Was waren die Highlights für Ihr Haus in diesem Jahr?
Besonders erfreut hat uns die weiter steigende Akzeptanz von ETFs bei Anlegern. Deutlich lässt sich das an den positiven Zuwächsen bei Sparplänen ablesen. Ein Thema, das uns seit sehr, sehr langer Zeit am Herzen liegt. Denn für viele Menschen sind Sparpläne eine ideale Möglichkeit, langfristig und diversifiziert Vermögen aufzubauen.
Gibt es auch etwas, das Sie gerne vergessen würden?
Vor Beginn eines jeden Jahres kommt ganz natürlich die Frage, was man erwartet. Kaum jemand hatte den starken Anstieg der Volatilität zu Beginn des Jahres erwartet. Auch wenn in Jahresrückblicken etwas anderes suggeriert werden wird. Und ich weiss natürlich, dass auch das neue Jahr wieder anders kommen wird als heute zu erwarten ist. Und da sind wir schon fast bei Mark Twain mit seinem Ausspruch zur Schwierigkeit von Börsenmonaten. Ich mag die Herausforderungen eines jeden einzelnen Jahres, und das schon seit bald drei Jahrzehnten. Insofern möchte ich nichts missen oder vergessen.

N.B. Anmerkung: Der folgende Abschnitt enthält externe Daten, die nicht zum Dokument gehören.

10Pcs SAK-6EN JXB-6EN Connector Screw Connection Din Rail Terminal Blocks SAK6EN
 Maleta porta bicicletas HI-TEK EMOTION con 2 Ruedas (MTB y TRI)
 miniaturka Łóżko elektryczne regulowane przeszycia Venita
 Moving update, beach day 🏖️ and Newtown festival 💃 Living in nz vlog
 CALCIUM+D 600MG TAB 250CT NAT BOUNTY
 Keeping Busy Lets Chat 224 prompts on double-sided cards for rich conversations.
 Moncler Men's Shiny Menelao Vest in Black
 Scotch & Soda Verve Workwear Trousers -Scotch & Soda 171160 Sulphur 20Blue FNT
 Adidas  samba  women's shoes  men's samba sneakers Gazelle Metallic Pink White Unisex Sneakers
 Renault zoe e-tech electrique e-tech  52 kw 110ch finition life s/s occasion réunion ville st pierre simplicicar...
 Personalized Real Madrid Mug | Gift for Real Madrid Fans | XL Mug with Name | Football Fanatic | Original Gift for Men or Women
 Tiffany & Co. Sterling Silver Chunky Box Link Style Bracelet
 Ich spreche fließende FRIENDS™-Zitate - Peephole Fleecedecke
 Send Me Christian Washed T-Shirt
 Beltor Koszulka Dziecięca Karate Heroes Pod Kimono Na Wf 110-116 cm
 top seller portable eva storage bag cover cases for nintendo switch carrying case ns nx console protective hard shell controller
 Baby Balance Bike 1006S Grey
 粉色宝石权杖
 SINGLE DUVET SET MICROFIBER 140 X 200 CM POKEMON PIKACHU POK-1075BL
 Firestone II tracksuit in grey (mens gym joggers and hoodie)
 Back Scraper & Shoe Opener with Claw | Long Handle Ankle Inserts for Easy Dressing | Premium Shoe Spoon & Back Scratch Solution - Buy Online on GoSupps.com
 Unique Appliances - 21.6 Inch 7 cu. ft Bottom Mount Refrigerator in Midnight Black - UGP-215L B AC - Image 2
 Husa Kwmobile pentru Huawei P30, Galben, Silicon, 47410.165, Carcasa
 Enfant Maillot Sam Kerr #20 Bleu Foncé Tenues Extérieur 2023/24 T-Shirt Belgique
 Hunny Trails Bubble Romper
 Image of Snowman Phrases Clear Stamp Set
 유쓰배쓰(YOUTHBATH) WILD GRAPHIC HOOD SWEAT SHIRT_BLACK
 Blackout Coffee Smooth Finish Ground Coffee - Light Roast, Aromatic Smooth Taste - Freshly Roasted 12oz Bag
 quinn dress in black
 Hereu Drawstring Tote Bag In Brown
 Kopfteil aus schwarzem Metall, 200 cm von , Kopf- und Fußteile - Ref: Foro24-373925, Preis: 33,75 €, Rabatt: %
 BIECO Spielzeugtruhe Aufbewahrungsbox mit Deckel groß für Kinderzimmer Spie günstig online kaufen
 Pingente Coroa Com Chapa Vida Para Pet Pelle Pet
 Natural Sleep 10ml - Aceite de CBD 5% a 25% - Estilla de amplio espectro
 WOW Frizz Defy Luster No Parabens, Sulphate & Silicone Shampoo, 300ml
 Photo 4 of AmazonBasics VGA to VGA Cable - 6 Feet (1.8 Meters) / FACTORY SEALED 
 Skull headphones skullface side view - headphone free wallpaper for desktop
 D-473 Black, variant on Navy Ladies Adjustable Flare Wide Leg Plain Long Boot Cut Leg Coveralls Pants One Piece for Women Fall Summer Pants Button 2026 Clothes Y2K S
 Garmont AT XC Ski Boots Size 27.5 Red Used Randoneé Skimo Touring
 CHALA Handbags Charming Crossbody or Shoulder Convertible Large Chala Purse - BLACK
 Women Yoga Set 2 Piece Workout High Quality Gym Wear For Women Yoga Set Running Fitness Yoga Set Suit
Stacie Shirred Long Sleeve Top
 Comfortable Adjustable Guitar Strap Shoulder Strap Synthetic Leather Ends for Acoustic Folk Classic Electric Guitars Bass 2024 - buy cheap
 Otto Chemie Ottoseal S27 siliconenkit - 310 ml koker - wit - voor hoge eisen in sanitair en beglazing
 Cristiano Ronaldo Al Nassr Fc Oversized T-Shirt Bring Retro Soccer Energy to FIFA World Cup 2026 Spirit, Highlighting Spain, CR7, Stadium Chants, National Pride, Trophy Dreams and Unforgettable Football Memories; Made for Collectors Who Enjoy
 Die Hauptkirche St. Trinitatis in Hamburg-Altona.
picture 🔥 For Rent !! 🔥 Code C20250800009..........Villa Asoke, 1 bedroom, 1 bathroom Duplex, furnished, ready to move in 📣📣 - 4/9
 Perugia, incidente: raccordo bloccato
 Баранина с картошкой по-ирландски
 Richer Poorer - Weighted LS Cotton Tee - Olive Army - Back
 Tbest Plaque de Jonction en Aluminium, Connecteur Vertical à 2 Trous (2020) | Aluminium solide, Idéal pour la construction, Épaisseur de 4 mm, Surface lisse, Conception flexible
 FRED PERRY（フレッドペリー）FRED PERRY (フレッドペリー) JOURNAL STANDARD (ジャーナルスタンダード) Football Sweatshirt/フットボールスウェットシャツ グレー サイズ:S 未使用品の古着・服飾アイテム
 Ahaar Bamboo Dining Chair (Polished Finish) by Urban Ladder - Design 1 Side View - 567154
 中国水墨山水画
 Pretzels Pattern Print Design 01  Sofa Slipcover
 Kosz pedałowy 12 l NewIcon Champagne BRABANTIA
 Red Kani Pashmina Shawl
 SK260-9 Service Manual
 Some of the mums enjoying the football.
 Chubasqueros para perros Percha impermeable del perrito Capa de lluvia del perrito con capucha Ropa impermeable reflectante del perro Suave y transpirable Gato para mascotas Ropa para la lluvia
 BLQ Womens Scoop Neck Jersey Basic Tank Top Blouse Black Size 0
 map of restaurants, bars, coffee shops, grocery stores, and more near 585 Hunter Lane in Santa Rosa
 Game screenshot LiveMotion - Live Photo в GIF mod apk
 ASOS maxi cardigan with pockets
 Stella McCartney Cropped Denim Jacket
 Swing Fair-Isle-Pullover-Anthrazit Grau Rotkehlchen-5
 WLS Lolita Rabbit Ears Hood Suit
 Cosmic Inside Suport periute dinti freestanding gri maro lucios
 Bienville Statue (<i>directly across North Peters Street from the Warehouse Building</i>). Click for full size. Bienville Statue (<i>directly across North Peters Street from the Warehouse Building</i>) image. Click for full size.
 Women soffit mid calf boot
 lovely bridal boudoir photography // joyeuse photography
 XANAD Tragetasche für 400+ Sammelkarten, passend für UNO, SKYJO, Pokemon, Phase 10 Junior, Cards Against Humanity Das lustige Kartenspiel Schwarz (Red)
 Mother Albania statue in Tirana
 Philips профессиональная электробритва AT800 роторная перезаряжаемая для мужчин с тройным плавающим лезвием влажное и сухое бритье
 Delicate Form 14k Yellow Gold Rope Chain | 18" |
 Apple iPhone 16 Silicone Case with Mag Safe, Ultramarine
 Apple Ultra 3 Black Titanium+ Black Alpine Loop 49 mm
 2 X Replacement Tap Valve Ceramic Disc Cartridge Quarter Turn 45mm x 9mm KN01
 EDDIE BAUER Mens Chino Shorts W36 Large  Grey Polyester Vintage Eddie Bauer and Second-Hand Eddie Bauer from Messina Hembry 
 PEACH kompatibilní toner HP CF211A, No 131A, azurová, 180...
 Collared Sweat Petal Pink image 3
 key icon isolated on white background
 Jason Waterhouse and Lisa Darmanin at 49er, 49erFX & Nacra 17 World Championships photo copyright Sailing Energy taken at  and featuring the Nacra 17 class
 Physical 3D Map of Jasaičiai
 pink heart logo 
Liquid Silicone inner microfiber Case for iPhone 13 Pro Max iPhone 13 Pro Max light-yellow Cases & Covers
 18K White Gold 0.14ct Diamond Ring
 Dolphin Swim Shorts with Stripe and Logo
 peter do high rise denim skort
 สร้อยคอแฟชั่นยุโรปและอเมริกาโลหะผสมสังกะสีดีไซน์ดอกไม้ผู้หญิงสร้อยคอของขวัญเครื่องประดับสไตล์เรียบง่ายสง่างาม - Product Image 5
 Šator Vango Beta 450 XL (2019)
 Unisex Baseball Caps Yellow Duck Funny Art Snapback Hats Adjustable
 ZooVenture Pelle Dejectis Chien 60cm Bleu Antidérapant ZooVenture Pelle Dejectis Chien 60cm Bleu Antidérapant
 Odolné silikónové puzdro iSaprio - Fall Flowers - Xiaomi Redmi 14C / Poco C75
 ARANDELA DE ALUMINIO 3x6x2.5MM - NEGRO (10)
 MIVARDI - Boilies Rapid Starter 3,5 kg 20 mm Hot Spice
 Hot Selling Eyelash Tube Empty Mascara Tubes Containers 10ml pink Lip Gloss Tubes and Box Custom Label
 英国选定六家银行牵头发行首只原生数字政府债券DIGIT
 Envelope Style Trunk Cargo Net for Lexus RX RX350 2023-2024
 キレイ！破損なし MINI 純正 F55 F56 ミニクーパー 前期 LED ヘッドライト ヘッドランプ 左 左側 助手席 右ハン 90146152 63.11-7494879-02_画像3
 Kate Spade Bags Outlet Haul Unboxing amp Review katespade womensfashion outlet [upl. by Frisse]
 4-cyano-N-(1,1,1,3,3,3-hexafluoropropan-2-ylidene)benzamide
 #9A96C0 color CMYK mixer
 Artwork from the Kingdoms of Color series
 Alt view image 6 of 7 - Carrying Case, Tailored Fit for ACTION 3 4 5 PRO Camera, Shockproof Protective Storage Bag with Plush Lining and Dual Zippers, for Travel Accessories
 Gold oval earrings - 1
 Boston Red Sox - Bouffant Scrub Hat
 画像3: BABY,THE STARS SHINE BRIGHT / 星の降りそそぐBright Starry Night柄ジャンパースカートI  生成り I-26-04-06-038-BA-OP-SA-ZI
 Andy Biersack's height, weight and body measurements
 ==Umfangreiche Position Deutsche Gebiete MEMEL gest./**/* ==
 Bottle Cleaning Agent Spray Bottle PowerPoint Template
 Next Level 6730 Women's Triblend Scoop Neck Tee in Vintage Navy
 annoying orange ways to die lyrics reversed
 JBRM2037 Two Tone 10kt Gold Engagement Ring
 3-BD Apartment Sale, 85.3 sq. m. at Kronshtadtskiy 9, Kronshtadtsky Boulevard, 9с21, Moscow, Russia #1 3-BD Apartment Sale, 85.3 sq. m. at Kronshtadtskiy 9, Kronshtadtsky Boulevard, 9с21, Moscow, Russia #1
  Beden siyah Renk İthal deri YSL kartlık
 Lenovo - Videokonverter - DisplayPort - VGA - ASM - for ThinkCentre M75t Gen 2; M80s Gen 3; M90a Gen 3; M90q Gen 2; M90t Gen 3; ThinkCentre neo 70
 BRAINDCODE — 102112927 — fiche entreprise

Was wünschen Sie sich beruflich für die kommenden Monate?
Einen versöhnlichen Ausklang an den Märkten mit erwartungsfrohen Hoffnungen für das neue Jahr. Denn das ist das Salz für auch in ertragreiche Märkte.
Thomas Meyer zu Drewer verantwortet als Geschäftsführer das ETF-Geschäft der Commerzbank unter der Marke «ComStage». Er begleitet den ETF-Markt in Europa seit seiner Entstehung vor bald 20 Jahren.